### Exercise
Give the lines again exactly as they appear below, from the line with "Atinetok ženske vrhove" to the line with "Posavasos Floral Gold", both included, and only those lines. Leave every picture out.

### Extracted material
········
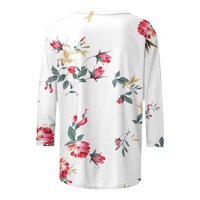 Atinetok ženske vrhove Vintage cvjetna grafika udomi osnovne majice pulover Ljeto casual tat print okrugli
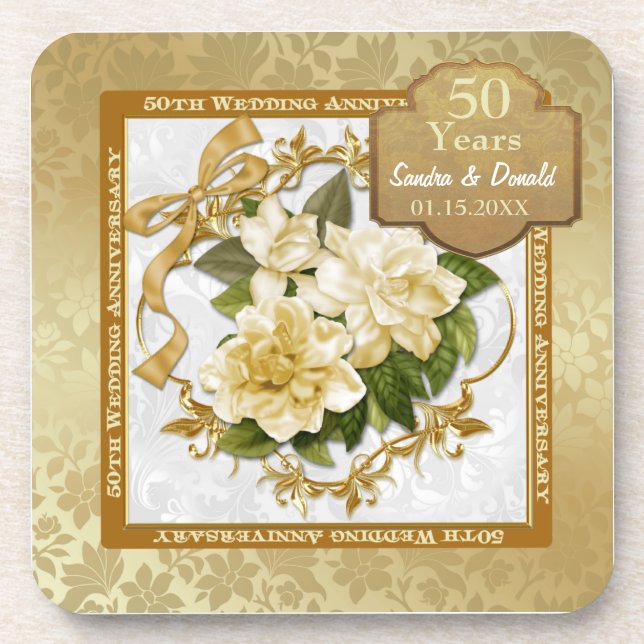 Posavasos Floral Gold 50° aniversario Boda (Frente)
········
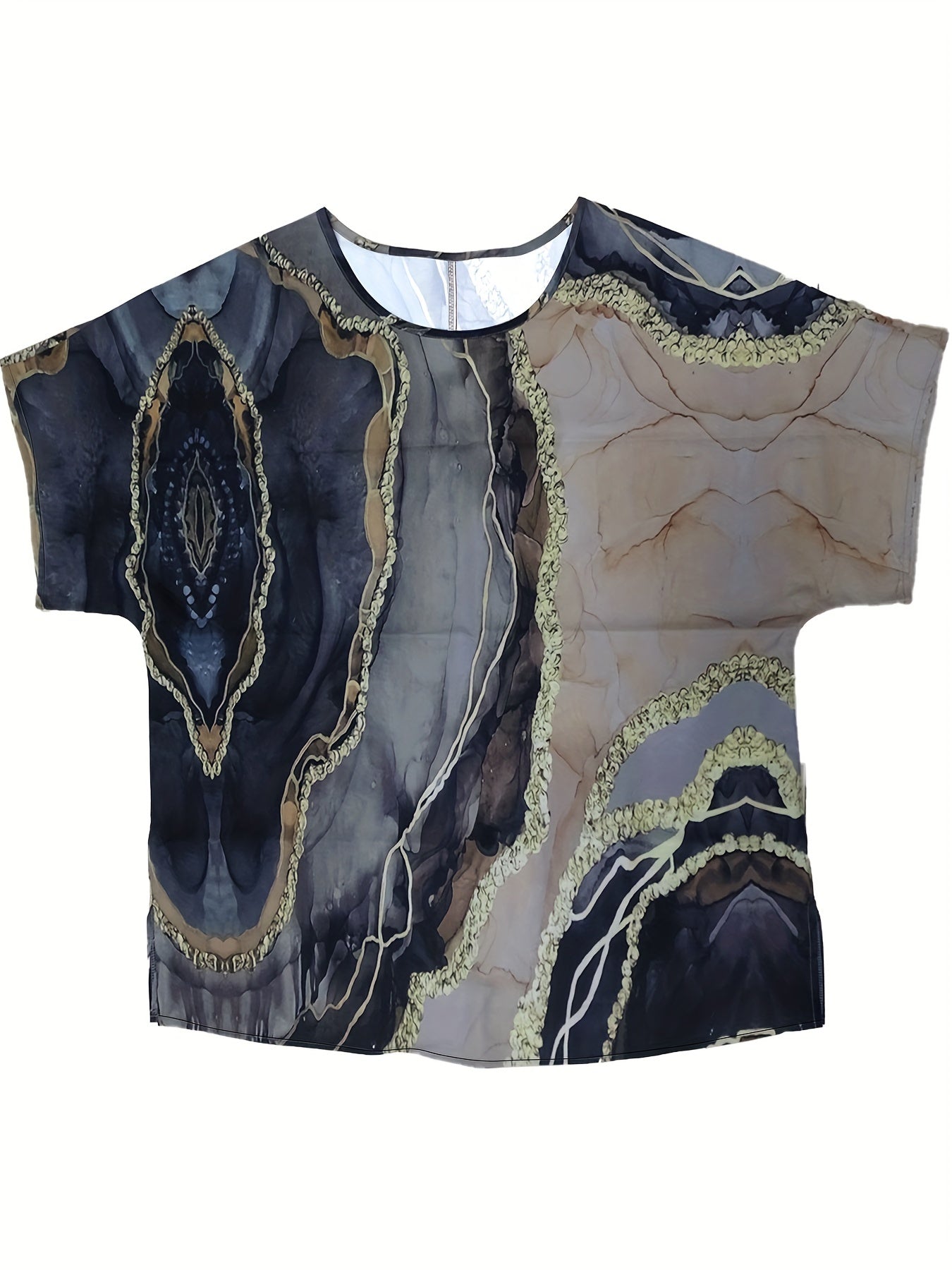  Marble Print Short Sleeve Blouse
········
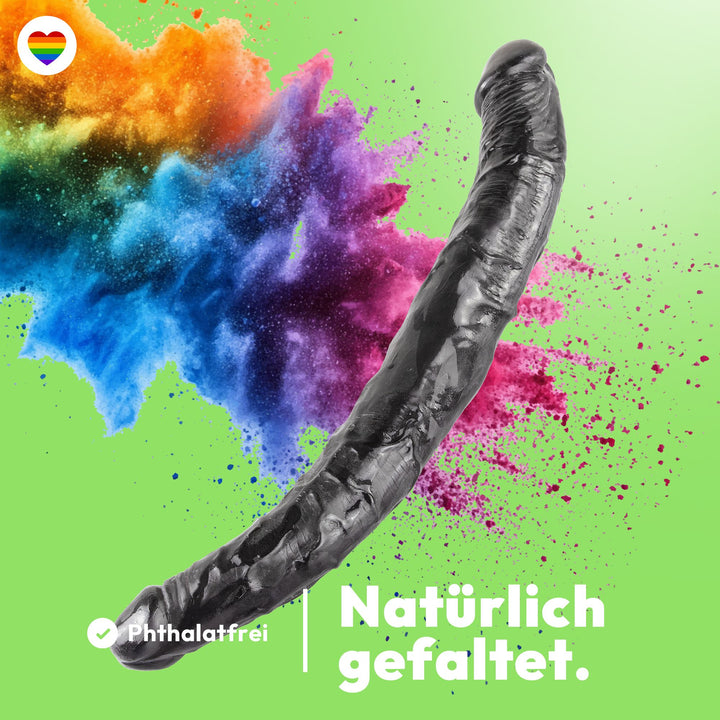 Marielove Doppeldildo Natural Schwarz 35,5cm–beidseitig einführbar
········
### Output below
 Atinetok ženske vrhove Vintage cvjetna grafika udomi osnovne majice pulover Ljeto casual tat print okrugli
 Posavasos Floral Gold 50° aniversario Boda (Frente)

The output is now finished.